Inspiration, plagiat, copie… Questions sensibles !
La création ne surgit pas d’une boîte hermétique.
Les artistes sont des éponges, malgré eux. Sensibles à leur environnement, leur création est le fruit d’une longue histoire. Celle de l’art, bien entendu, mais aussi de l’inconscient collectif. En cela, ils sont tous un peu des copieurs.
Dit ainsi, ce propos peut paraître choquant. J'avoue cependant bien volontiers mon envie de secouer un peu le cocotier à propos de cette rengaine lancinante que j'entends régulièrement depuis que je fréquente le milieu artistique. En effet pas un salon sans percevoir dans une conversation « c'est une copie de un-tel », « c'est la même chose que cet artiste hyper connu, mince je ne me souviens plus de son nom, mais tu vois de qui je parle ?... ». Je suis certaine que vous avez déjà entendu de tels propos, souvent peut-être même !
Copie n'est pas plagiat
Entendons-nous bien, je ne parle pas de plagiat, ni bien évidemment de contrefaçon. Ces pratiques sont à bannir car elles sont « l’œuvre » d'escrocs qui se déshonorent.
Je veux évoquer ici les univers artistiques ressemblant à ceux d'autres artistes contemporains ou entrés dans l'histoire de l'art.

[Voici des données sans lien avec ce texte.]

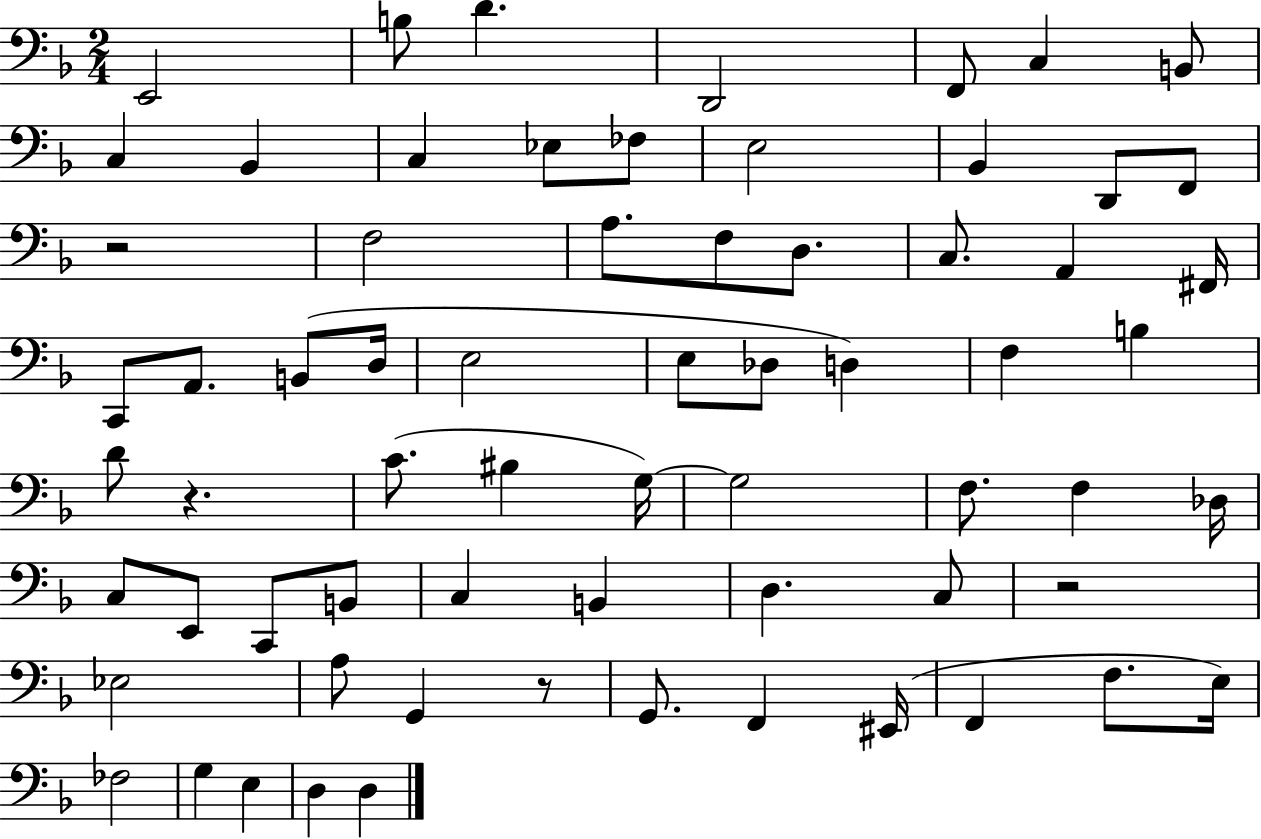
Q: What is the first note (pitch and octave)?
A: E2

Pour ma part, le public m'a souvent fait part de ce que mon travail évoque tel artiste ou tel univers. Je suis parfois interloquée mais la plupart du temps je trouve cela très judicieux. Parfois même, c'est tout à fait revendiqué de ma part. Ainsi on me disait récemment que ma série des Dryades évoque l'univers des préraphaélites. Et bien vous savez quoi, c'est le plus grand des compliments que l'on puisse me faire ! Car oui, je m'inspire très ouvertement des artistes comme Waterhouse ou Rossetti et d'autres encore qui eux-mêmes se sont inspirés de ce mouvement artistique anglais du XIXème siècle.
C'est l'histoire de l'art
Alors vous me voyez sans doute venir, ce que certains esprits réducteurs pourraient associer à de la copie pure et simple n'est autre que le mouvement de l'histoire l'art. Il n'y aurait jamais eu de mouvement artistique si les artistes s'étaient interdit d'être inspirés par d'autres. D'ailleurs la plupart des mouvements modernes ont été lancés et structurés par des groupes d'artistes que leur sensibilité et envies réunissaient. Les idées des uns étaient nourries par d'autres dans un cercle vertueux qui à permis à tant de chefs d’œuvre d'être crées.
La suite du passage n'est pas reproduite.